Primo: le sue pagine sono suggestive perché alla riflessione linguistica si accompagna un respiro più ampio, che può essere di stampo storico, sociologico; di un fatto linguistico può essere data una lettura filosofica o sottolineata l’intrinseca poeticità.
“Dell’ultimo figlio (meno tipicamente quando era una figlia), se appariva piccolo, magro, striminzito, sparutello, scanchenico, si diceva – per lo più sorridendo – che era, erano, le raspaùre dela mèsa, i residui che si raschiavano dal fondo del contenitore di legno in cui si compiva il sacrificio del maiale” (Maredè, maredè…, pag. 73).
“L’idea di perdersi ha rapporti, tra noi, con l’idea del sollievo. Pèrdarse-via è il “distrarsi”, di chi si immerge in un passatempo, ecc.; oppure il “trastullarsi”, l’inoltrarsi assorto dei bambini nella sfera dei giochi o delle immaginazioni, nella contemplazione di una serie di figure, ecc. C’entra sempre l’idea di una vacanza della mente, quasi un effetto di assenza o dimenticanza” (Maredè, maredè…, pag. 66).
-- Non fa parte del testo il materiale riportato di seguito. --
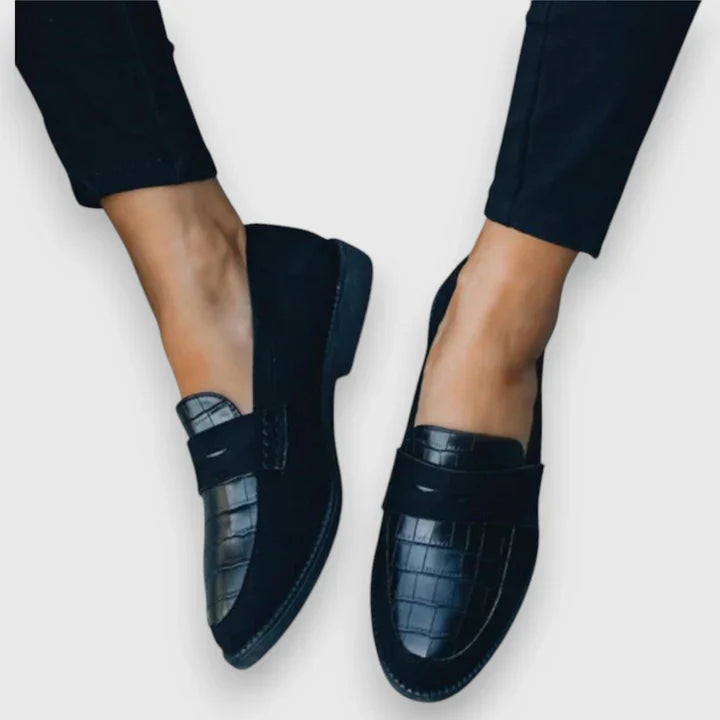Women’s elegant slip-on loafers with cushioned insole and lightweight design.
Secondo: le sue pagine sfolgorano nella mente del lettore – ecco perché non è un caso che chi scrive abbia echeggiato parole di Meneghello per inaugurare questo articolo: è una scrittura che si insinua a sua volta nelle fibre di chi legge – grazie alla comicità che scaturisce dal Witz linguistico, dal cortocircuito sorprendente provocato sia dal contatto tra lingue o registri differenti, sia dall’accostamento di competenze linguistiche diverse, come nel caso del bambino che si trova a dover rincorrere il senso inafferrabile di parole oscure attraverso la paretimologia: la canzone dei balilla “Vibra l’anima nel petto / sitibonda di virtù: / freme, o Italia, il gagliardetto / e nei fremiti sei tu” diventa, nella mente perplessa del bambino:
“Vibralani! Mane al petto!
Si defonda di vertù.
Freni Italia al gagliardetto
e nei freni ti sei tu.
La forma poetica ti sei tu per ci sei tu non bastava a confonderci, né l’arcaismo di mane per mani. L’ordine era di portarle al petto, orizzontalmente, in una forma sconosciuta ma austera di saluto: come un segno di riconoscimento in uso tra i vibralani a cui sentivamo in qualche modo, cantando, di appartenere ad honorem anche noi” (Libera nos a malo, pag. 6).
L’uccellino, il ninnolaio, i Vibralani… Creature fantastiche e dove trovarle: nella lingua poliedrica di Luigi Meneghello, in cui mirabilmente si fondono levità e profondità; fra le pagine pindariche e insieme radicate nella realtà e in ciò che siamo dei suoi capolavori.